Well Congradulation both of you guys. It is well deserved. I'm sure you guys don't mind being held up there with the rest of us on the Stage of the Thin Blue Smoke


----------



## northern greenhorn (Aug 24, 2010)

Congrats guys, well deserved, nice acceptance speech Bearcarver, you can hear the music start as they go to commercial.


----------



## pops6927 (Aug 25, 2010)

Congratulations to both of you!


----------



## shooter1 (Aug 25, 2010)

Congratulations Bear and Scar, well deserved and long overdue!


----------



## uncle_lar (Aug 25, 2010)

congrates to you guys!

well deserved  for sure


----------



## alelover (Aug 25, 2010)

Congrats dudes. I know you both have helped me and accepted my newbie self into this great community. You make people feel real welcome and make our food taste good. Bravo.


----------



## princess (Aug 25, 2010)

Yay!!  Congrats, fellas!!

::applause::


----------



## ak1 (Aug 25, 2010)

I just saw this. Sincerest congratulations to both Bearcarver & Scarbelly. You two deserve this.


----------



## mythmaster (Aug 25, 2010)

Congrats, Bear and Scar -- ROCK ON!


----------



## sqwib (Aug 25, 2010)

Awesome and well deserved!


----------



## Bearcarver (Aug 25, 2010)

Thanks again to all!

Sorry, no more speeches,

Bear


----------



## scarbelly (Aug 25, 2010)

As Bear said THANKS to all of you for the nice comments - I will let Bear handle the speaches while I tend to his smoker


----------



## alx (Aug 26, 2010)

Great Job and Congrats!!!!!!!!!!!!!!!!!!


----------



## monty (Aug 29, 2010)

Congratulations and welcome to the Order of the Thin Blue Smoke! While I do not contribute a whole lot lately I do sandbag quite a bit and both of you gentlemen stand out amongst your peers!

Kudos

and

Cheers!


----------



## smokey mo (Aug 31, 2010)

It would be very difficult to find two members more deserving than you both. Well done!

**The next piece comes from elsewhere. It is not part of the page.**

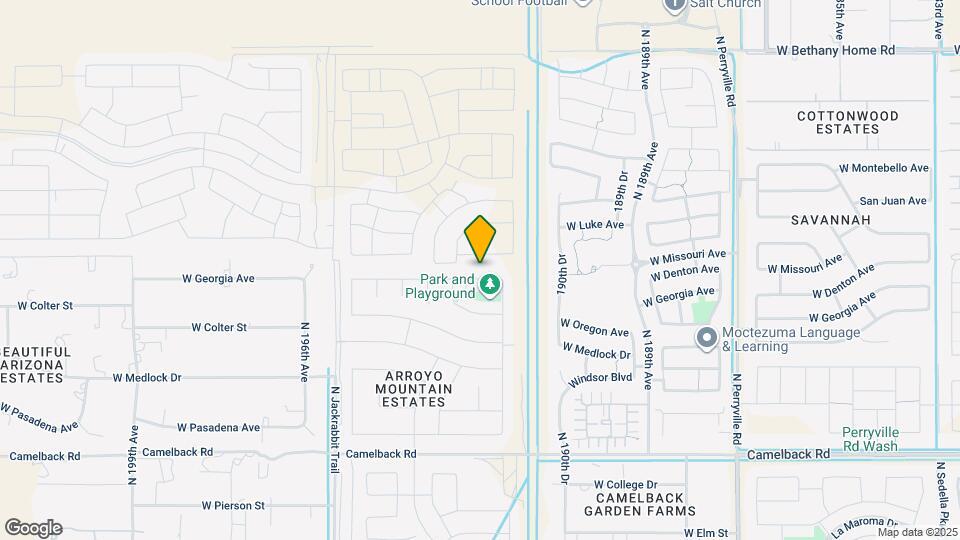 19210 W Denton St Map and Location Details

The knowledge you have shared makes us all better at our craft.


----------



## old poi dog (Sep 2, 2010)

Congratulations to Bearcarver and Scarbelly...two great Resources to anyone with any interest in the arts of Smokes.


----------



## toxie (Sep 3, 2010)

Bearcarver and Scarbelly... Congratulations guys!


----------



## otter (Oct 2, 2010)

Congrats to Both of you And thanks for the advice and the help Sorry I'm so late in this Still learning the sight


----------